#### The problem
Could you restate every entry word for word, minus the pictures?

-- The data follows --

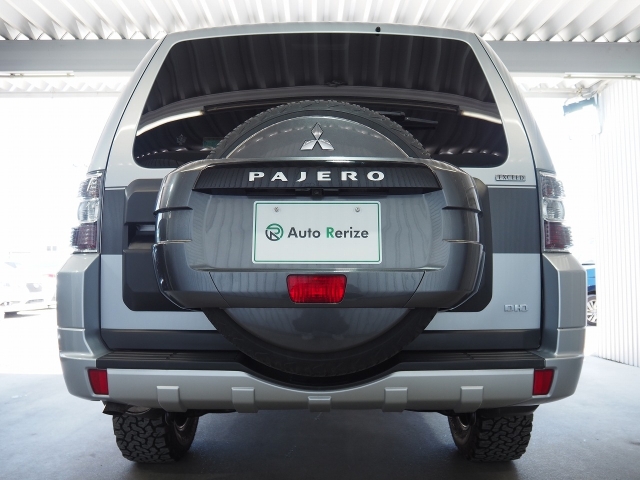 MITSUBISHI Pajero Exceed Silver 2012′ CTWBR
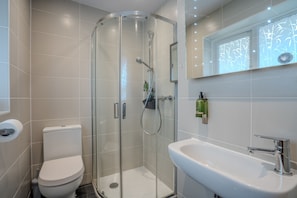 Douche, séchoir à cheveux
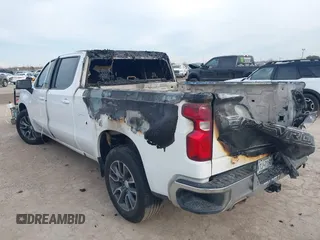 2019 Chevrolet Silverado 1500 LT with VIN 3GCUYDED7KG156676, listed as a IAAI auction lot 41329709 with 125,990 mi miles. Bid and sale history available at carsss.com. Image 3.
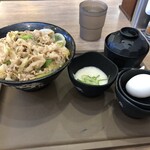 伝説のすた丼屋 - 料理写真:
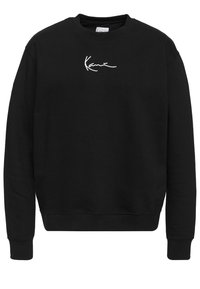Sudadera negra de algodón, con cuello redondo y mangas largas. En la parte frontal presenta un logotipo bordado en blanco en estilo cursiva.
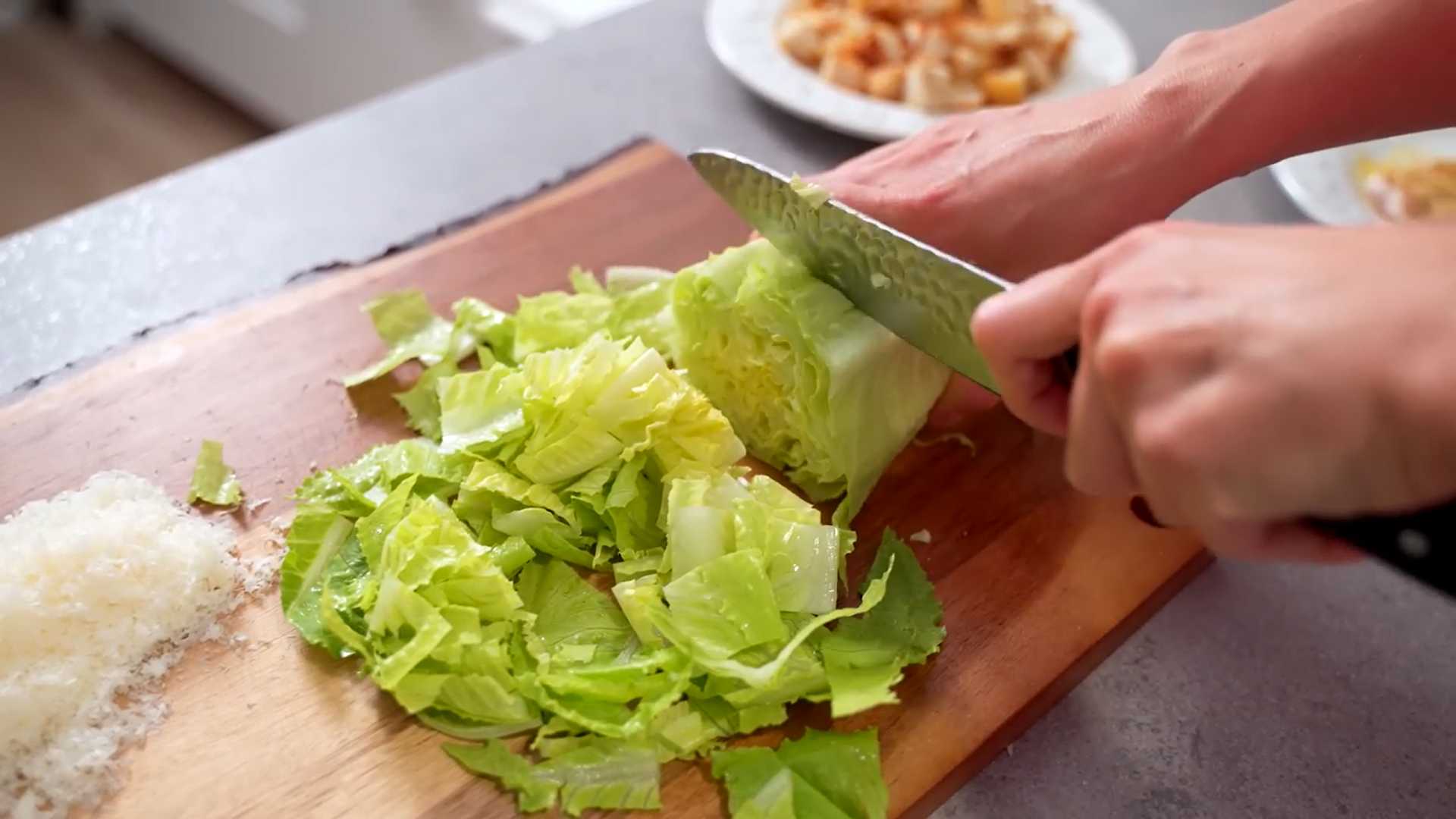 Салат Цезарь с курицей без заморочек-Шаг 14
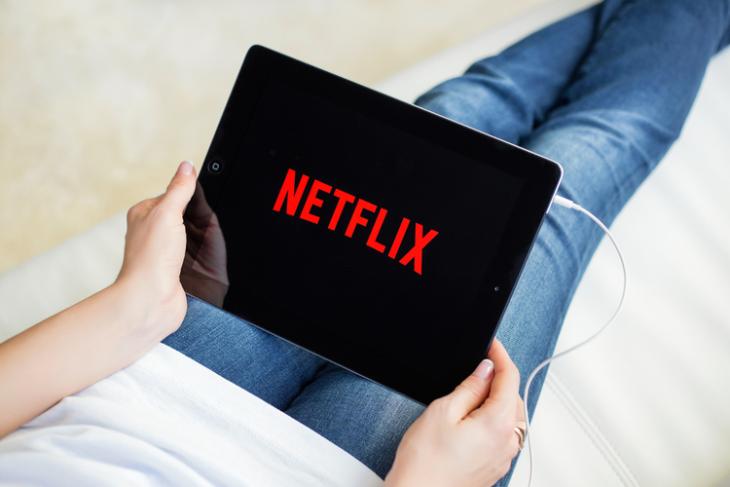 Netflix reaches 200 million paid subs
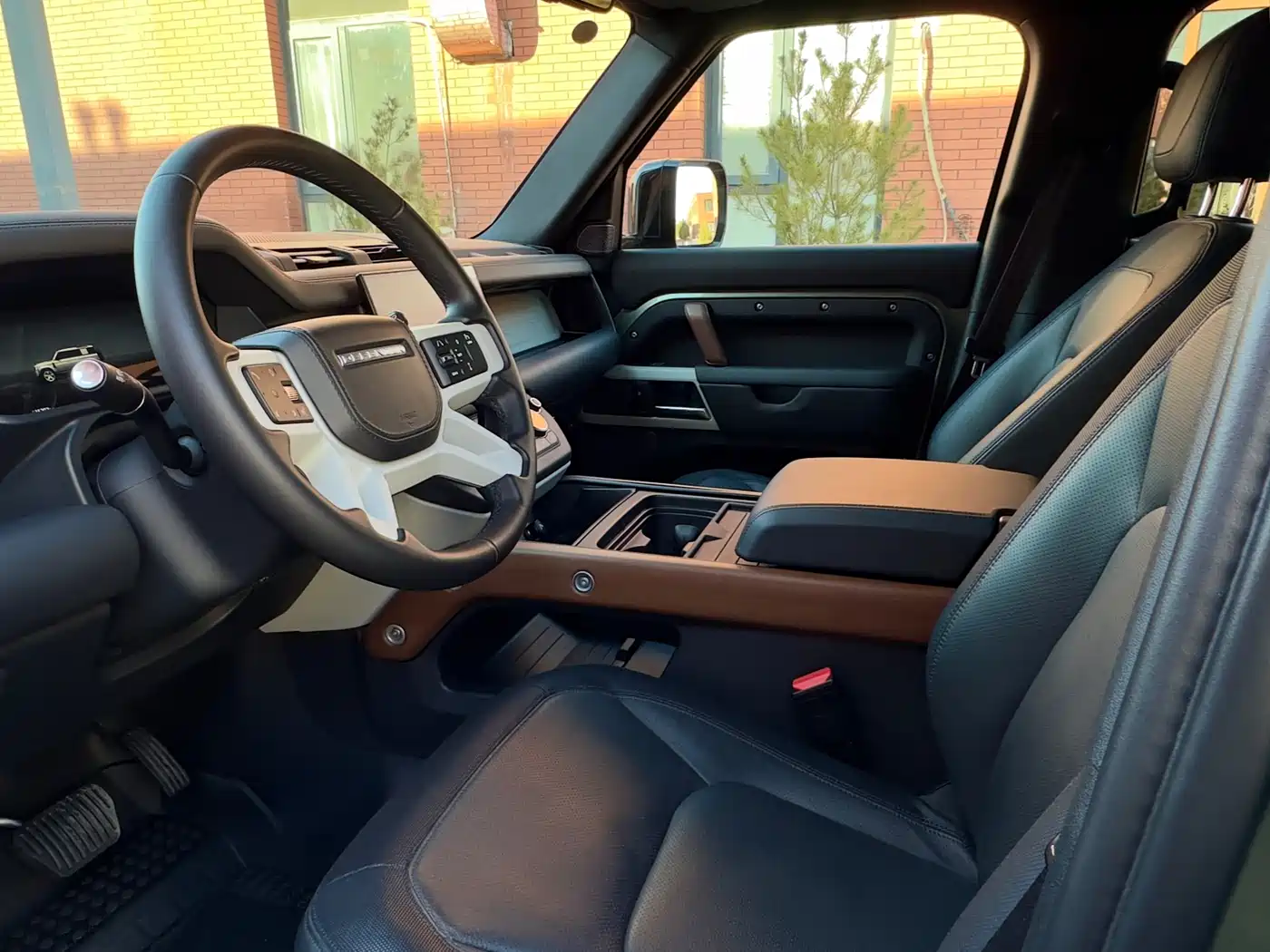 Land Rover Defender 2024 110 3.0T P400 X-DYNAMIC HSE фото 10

-- The data concluded --

#### Solution
 MITSUBISHI Pajero Exceed Silver 2012′ CTWBR
 Douche, séchoir à cheveux
 2019 Chevrolet Silverado 1500 LT with VIN 3GCUYDED7KG156676, listed as a IAAI auction lot 41329709 with 125,990 mi miles. Bid and sale history available at carsss.com. Image 3.
 伝説のすた丼屋 - 料理写真:
Sudadera negra de algodón, con cuello redondo y mangas largas. En la parte frontal presenta un logotipo bordado en blanco en estilo cursiva.
 Салат Цезарь с курицей без заморочек-Шаг 14
 Netflix reaches 200 million paid subs
 Land Rover Defender 2024 110 3.0T P400 X-DYNAMIC HSE фото 10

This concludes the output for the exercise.